On December 8, 2009, pursuant to Federal Rules of Bankruptcy Procedure 1007 and 4003, Prince filed his Original Bankruptcy Schedules, and on March 8, 2010, he filed his Amended Schedules. ECF Nos. 17, 52. Under Schedule C of his Amended Schedules, Prince claimed exempt property in the amount of $479,802.40, including property located in Murphy, Texas, (the "Murphy property") as homestead and personal property exemptions including two watches, sports memorabilia, and appliances. On March 29, 2011, American Bank and the Trustee filed their Amended Objections to Debtor's Exemptions, ECF Nos. 186, 187, wherein they moved the bankruptcy court to deny Prince's exemptions for: (1) personal property because the value exceeded the aggregate amount of exempted property permitted under Texas Property Code § 42.001(a); (2) his IRA account, sports memorabilia, books, pictures, movies, music, wedding rings, and watches; (3) clothing and 2002 Lexus SC430 to the extent that any amount attributable to the items exceeding his claim exemptions inures to the benefit of the bankruptcy estate; and (4) homestead of the Murphy property or, alternatively, homestead to the extent that the amount of the exemption exceeds $146,450.00.

On May 10, 2011, the bankruptcy court held an evidentiary hearing to rule on the objections raised by Appellees. Prince was incarcerated and, thus, unable to attend the hearing. Although he had criminal stand-by counsel, no one appeared at the hearing to represent him. Marlon Frazier ("Frazier"), the attorney for Prince's common-law wife, Katherine Robinson ("Robinson"), attended the hearing on her behalf and to advance Prince's interest. During the hearing, counsel for the Appellees admitted certified copies of Prince's indictments and jury verdict. Counsel admitted a five-minute video recording of Prince's Rule 2004 Examination, which was not included in the record on appeal. In response to questions regarding his homestead and personal property exemptions, Prince invoked his Fifth Amendment right against self-incrimination. Robinson was subpoenaed to testify and to bring documentation regarding the personal property Prince claimed as exemptions. At the hearing, she testified that she was married to Prince, that the Murphy property was her primary place of residence, and that the personal property claimed existed. She did not, however, bring any documentation supporting the existence of this personal property. During their closing statement, Appellees argued that the evidence submitted established that the Murphy property was not Prince and Robinson's homestead or, alternatively, that the exempt value should not exceed $146,450.00 pursuant to 11 U.S.C. § 522(q)(1)(A) & (B)(3). Further, the Appellees contended that there was no evidence submitted by Prince or Robinson supporting the claims for exemption of the personal property identified above.
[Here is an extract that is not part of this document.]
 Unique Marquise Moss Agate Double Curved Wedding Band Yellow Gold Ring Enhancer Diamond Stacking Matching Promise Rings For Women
During the hearing, the parties stipulated that Prince and Robinson were married.

The bankruptcy court sustained the Appellees' objections on the record, holding: (1) the homestead property exemption is limited to $146,450.00 pursuant to 11 U.S.C. § 522(q)(1)(A) & (B)(3), and (2) the Appellees sustained their burdens of proof that Prince is not entitled to the personal property exemptions. An order reciting these findings was signed on July 25, 2011. Subsequently, Prince filed a motion and second motion for rehearing, which were denied by the bankruptcy court on July 26, 2011, and November 2, 2011, respectively. See ECF Nos. 254, 304. This appeal followed.

Prince appeals the bankruptcy court's decision on nineteen grounds, some redundant and others irrelevant to the appeal before the court. Of the nineteen issues asserted in his appeal, the court will review the following: (1) whether the bankruptcy court had jurisdiction to limit the homestead exemption under 11 U.S.C. § 522(q)(1)(A); (2) whether Prince's right to amend his schedules at any time prevented the bankruptcy court from making its ruling; (3) whether the Trustee failed to represent the estate adequately; (4) whether the bankruptcy court improperly assumed that attorney Frazier represented Prince during the evidentiary hearing; (5) whether American Bank failed to provide Prince with proper notice of the hearing and the witness and exhibit lists; (6) whether the bankruptcy court erred in limiting Prince's personal property exemptions; (7) whether the bankruptcy court's order allows for clear appeal; (8) whether Prince's constitutional rights were violated by allowing the Appellees to show video of Prince in jail clothing to the court; and (9) whether the Appellees prejudicially used his invocation of the Fifth Amendment to infer guilt during the hearing. Prince sets forth numerous other grounds on which he is basing his appeal, including issues regarding the sharing agreement between American Bank and the Trustee, the bankruptcy court's lifting or limiting of the automatic stay, the purported illegal seizure of Prince's books and records, and issues regarding allegations of fraudulent transfers. These claims, however, are irrelevant to the narrow issued appealed—the limitation of Prince's exemptions. As a result, they fall outside the scope of the appeal and will not be considered by the court.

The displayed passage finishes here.